Winners’ notes. Robert Wieczorkowski, Yasser Tabandeh and Harris Papadopoulos on SIAM SDM’11 Contest
February 11, 2011 Leave a comment
We have a pleasure to publish three after-challenge reports authored by participants of SIAM DM 2011 Data Mining Contest who achieved ex aequo the 4th best score (differed only in time of submission). Hope you’ll find the reports insightful. To view full results of the competition see Leaderboard and Summary pages.
* * *
By Robert Wieczorkowski, Ph.D. (rwieczor).
SIAM SDM’11 Contest was my second challenge in which I participated on TunedIT. Previously I took part in IEEE ICDM Contest (Traffic Prediction) and ended on the 12th place. Taking part in this challenge was for me a form of new practical experience in using modern statistical tools.
I graduated from Warsaw University in Mathematics (1988) and completed Ph.D. in Mathematics (1995) from Institute of Mathematics, Warsaw University of Technology. My area of expertise has been connected for many years with statistics and applying sampling methods in official statistical surveys. I had no specific knowledge in QSAR domain so I simply decided to use available methods and algorithms implemented in R software packages.

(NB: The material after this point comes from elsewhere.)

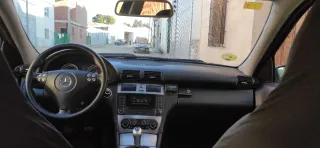 Mercedes-Benz Clase C 2006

At first I selected important attributes from data using Boruta package (this package uses random forest classifier) on training data, which resulted in 75 variables out of 242. After that I experimented with different classifiers from R packages using 75 selected features. I tested various classifiers available in R, e.g. randomForest, ada, gam, kknn. The most promising results were obtained from randomForest, so I used later on mainly this classifier.
The measure of precision used in this challenge (based on specificity and sensitivity) leads to the problem of proper cutoff points for probability of belonging to a given class. Function roc from caret package enabled me to approximate cutoff points. Graphs based on roc function were also helpful. From simulations based on random samples from training data I obtained estimate of cutoff at around 0.21.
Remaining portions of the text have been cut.